What got Jesus in trouble in Nazareth? Not meeting the peoples’ expectations? Hardly. What got Jesus in trouble? Telling the truth – which is always a risky business, especially when you’re telling the truth about where a sinner stands before a holy God. What kind of Jesus are people looking for today? What kind of Jesus are you looking for? People hear about this guy named Jesus in the Bible and think he’s somebody they could get on board with. Jesus always looked out for the poor and downtrodden. He went and spent time with the outcasts of society. He said so many helpful things about love. But when he starts talking about being the very One who will bring forgiveness for sins, resurrection and life in the place of death, and heaven through him as the one and only way, then people aren’t so sure. Sounds kind of exclusive, Jesus! But expecting a different kind of Jesus isn’t just a problem with the world out there. It’s a very real temptation for the world in here, too. I’m ready to say all the right things – I’m a sinner in need of saving, alright! But when Jesus says something that hits a little too close to home or calls my favorite sin a sin - then the reaction is predictable. Jesus would never say something like that – something that hits a little too close to home; something that I just don’t like; something I don’t agree with. Jesus wouldn’t do that…why not? Because he’s a Jesus of your own making.

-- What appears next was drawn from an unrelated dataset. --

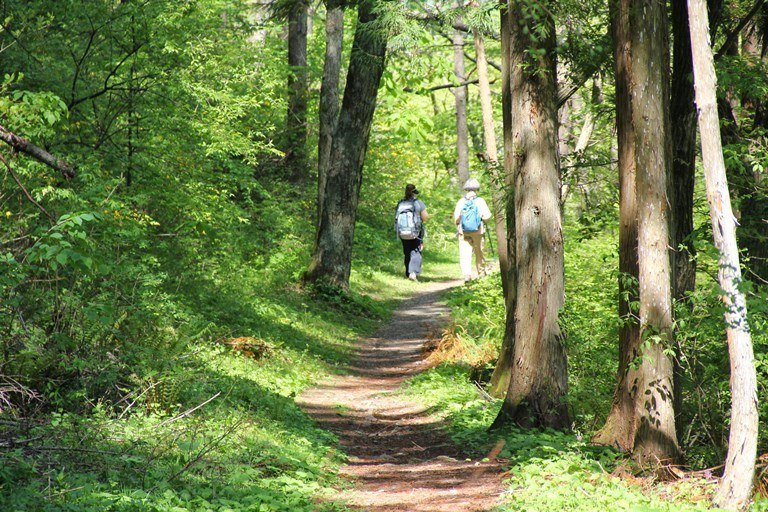 Japan, Nakasendo Way, Walking in Kiso valley, Walkopedia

It’s really easy to make Jesus into what we want him to be – a Jesus who will match and meet our expectations. What’s most striking is how the Jesus I create tends to look an awful lot like me. He says what I’d say, he does what I’d do. He makes sense to me on my terms, because he was born not in the manger of Bethlehem, but in my own head. The Jesus of my own making is for whatever I’m for and against whatever I’m against. The Jesus of my own making would never confront me, but only commend me. The Jesus of my own making wouldn’t dare call me to repentance to turn from sin, but would somehow understand my desire to revel in it instead. At the end of the day, our sinful natures don’t want a Jesus who will tell us God’s truth; we just want a Jesus who will go along with what we already think. We paint ourselves to be better than we are. But painted sinners get a painted Savior. When we deny our deep and lasting need for a Savior, we’ve made Jesus out to be something he’s not. Our expectations mislead us. We overestimate ourselves and underestimate our Savior.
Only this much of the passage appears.